Arthur Boyd & the Exile of Imagination
Australia House, London
28 June - 30 July 2000
Australia's pre-eminent artist and patron, Arthur Boyd AC, AO, OBE, Australian of the Year in 1995, died on 24 April 1999. His art was of such sustained quality and popular appeal that during his lifetime Arthur Boyd gained a special place within the wider Australian community.
Arthur Boyd belonged to a famously artistic Anglo-Australian family. His paternal grandparents, Emma Minnie Boyd (nee a'Beckett) and Arthur Merric Boyd (after whom he was named), were accomplished exhibiting artists in Melbourne from the l880s, and both exhibited at the Royal Academy in London. Arthur's father, Merric Boyd, was an influential sculptor/potter. Merric had two brothers, Penleigh and Martin - the former was painter and teacher, the latter a novelist.
The personal and professional world of Martin Boyd exemplifies the ties that bind the Boyd family to both England and Australia. Although brought up in Australia, he fought with the British forces during World War I, and in London during the l950s had a successful career as a novelist.A number of Martin Boyd's books such as The Montfords, The Cardboard Crown and A Difficult Young Man took as their theme the complex personal relationships in an upper middle class family of Anglo-Australian heritage. It is the legacy of this continually expatriate family and their perennial travels between England and Australia that forms the historical framework of the exhibition Arthur Boyd and the Exile of Imagination.
Arthur Boyd was Australian by birth, yet spent almost half his life living and working as an artist in England. He first moved to Hampstead with his young family in l959. He built a substantial exhibiting record in the UK which began in 1962, in typical style, with a retrospective at the Whitechapel Gallery, London.

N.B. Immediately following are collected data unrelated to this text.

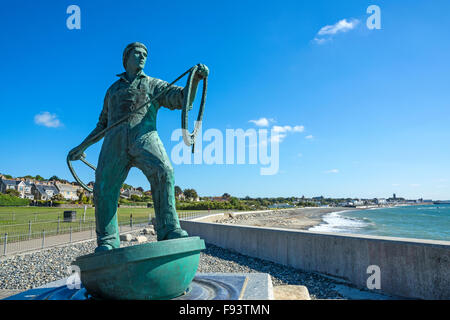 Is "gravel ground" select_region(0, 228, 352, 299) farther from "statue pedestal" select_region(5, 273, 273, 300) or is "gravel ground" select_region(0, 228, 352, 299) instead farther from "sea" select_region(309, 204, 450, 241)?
"sea" select_region(309, 204, 450, 241)

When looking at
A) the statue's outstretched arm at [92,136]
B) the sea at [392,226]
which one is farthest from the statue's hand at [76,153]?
the sea at [392,226]

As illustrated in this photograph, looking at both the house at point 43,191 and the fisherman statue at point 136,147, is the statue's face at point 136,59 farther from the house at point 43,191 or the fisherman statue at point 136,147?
the house at point 43,191

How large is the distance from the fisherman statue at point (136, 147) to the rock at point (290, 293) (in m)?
1.63

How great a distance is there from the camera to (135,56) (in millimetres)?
3982

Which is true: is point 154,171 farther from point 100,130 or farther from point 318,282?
point 318,282

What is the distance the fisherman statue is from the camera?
364 centimetres

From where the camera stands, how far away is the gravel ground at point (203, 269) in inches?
250

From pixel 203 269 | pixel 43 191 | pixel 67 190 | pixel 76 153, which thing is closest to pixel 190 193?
pixel 67 190

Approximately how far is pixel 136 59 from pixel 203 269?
5.88m

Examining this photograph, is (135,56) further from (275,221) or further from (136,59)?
(275,221)

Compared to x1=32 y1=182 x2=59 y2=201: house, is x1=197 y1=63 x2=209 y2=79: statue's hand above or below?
above

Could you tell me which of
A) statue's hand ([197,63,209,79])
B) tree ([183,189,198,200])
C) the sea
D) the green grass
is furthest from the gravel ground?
tree ([183,189,198,200])

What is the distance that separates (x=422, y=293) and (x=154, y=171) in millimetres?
5024

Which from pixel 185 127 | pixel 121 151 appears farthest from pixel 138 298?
pixel 185 127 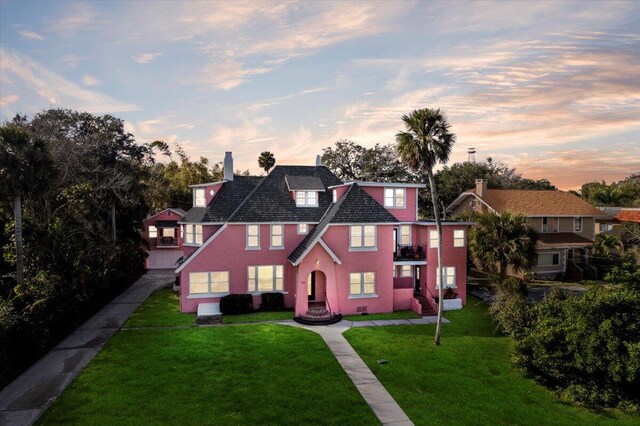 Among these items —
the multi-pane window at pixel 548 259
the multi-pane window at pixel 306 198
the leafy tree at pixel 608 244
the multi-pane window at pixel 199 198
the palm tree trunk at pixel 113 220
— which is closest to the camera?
the multi-pane window at pixel 306 198

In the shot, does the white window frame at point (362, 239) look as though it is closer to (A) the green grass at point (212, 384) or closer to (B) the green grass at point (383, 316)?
(B) the green grass at point (383, 316)

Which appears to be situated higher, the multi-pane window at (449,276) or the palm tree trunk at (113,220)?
the palm tree trunk at (113,220)

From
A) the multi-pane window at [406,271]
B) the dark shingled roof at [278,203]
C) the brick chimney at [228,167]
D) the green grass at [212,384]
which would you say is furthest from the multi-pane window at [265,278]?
the multi-pane window at [406,271]

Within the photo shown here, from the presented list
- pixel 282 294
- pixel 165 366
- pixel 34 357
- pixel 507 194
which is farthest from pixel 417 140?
pixel 507 194

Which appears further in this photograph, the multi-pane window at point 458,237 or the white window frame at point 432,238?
the multi-pane window at point 458,237

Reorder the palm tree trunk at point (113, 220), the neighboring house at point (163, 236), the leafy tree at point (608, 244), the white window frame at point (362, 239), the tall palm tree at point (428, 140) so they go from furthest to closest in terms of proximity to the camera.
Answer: the neighboring house at point (163, 236)
the leafy tree at point (608, 244)
the palm tree trunk at point (113, 220)
the white window frame at point (362, 239)
the tall palm tree at point (428, 140)

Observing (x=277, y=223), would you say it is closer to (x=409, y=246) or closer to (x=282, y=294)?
(x=282, y=294)

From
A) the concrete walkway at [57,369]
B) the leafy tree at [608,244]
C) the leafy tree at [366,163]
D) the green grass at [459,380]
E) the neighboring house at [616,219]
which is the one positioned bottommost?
the green grass at [459,380]

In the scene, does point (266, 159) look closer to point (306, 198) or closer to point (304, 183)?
point (304, 183)

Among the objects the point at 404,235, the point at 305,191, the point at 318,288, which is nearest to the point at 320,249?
the point at 318,288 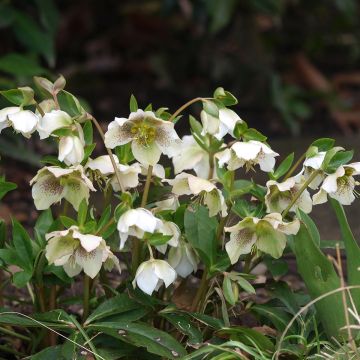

In many ways Arthur Boyd needed England in order to see Australia. The works in Arthur Boyd and the Exile of Imagination were instigated by a journey between England and Australia during l971/72 and are testament to both the possibilities and the personal costs of purposefully looking at oneself (or one's country) from the outside. Most of the works on display were made in England, for an English audience, and were first exhibited at Fischer Fine Art in London.
The sometimes confronting images draw heavily on a European iconography - Manet, Rembrandt and Mantegna - yet are set in the landscape around Canberra and are about the wrenching call of the Australian landscape.
Arthur Boyd and the Exile of Imagination is about a journey. For Boyd this journey was most often by sea between Australia and England - each country filled a different artistic need and each allowed the artist the space to look at the other. This is a 'relationship' shared by other notable Australian expatriates including Barry Humphries and Germaine Greer. Arthur Boyd's imagery is not always pretty or comfortable; it is ethical, original and sometimes cruelly beautiful.
This exhibition of Arthur Boyd's 26 paintings and 15 drawings from the National Gallery of Australia is held in conjunction with Australia Week in London (2-9 July 2000) and is part of Australia's Centenary of Federation celebrations.